In any case, the video doesn't touch upon my main complaint, which is the pace and lack of character moment. Except that the video says the characters are great, and I disagree with the video there. He is correct about the great acting, and the nice moments of character reactions; he didn't even mention Rey's reaction when she first used a blaster and killed someone, or her reaction to being asked if she was okay by Finn, when Finn was the one who was knocked on his ass. but these moments are not the same as patiently paced filmmaking. The scene of Han telling Finn and Rey that the force is real is in no way equivalent to Obi Wan talking about the force and Luke's father to Luke. The former was rushed. The latter felt like real time. And that was my point.

Thanks for the link.

wolflarson71 said...

Thanks for watching the video and nice additional thoughts.

Yehuda Berlinger said...

Yet more:

I suppose I have to add that the creature selling Rey food was sort of new, although he reminds me a lot of the restaurant owner who Obi-Wan consults with in AotC. Maz is newish, I guess. The snow world with trees was sort of new; Hoth was a snow world, but it had no trees.

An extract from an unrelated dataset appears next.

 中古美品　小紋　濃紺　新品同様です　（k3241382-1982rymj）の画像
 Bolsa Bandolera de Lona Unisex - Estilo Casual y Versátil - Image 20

Still, altogether not much. There could have been many new aliens, new ships, new weapons, real new worlds, and so on.

There were, as I said, many good things about the movie. The lighting (particularly the blue/red mix turning to red on the bridge) was something I noticed. The fact that the characters were always framed, rather than the explosions, was not; I admit that that's a good thing. The acting and directing were both good. The script wasn't bad; but it wasn't strong, as it goes hand in hand with the improper pacing and poor character development. The camera-work was excellent. Sets were well done; I may have to have repeated viewing to pick up details that I missed.

I will watch the movie again, which is more than I can say for many of the Marvel movies.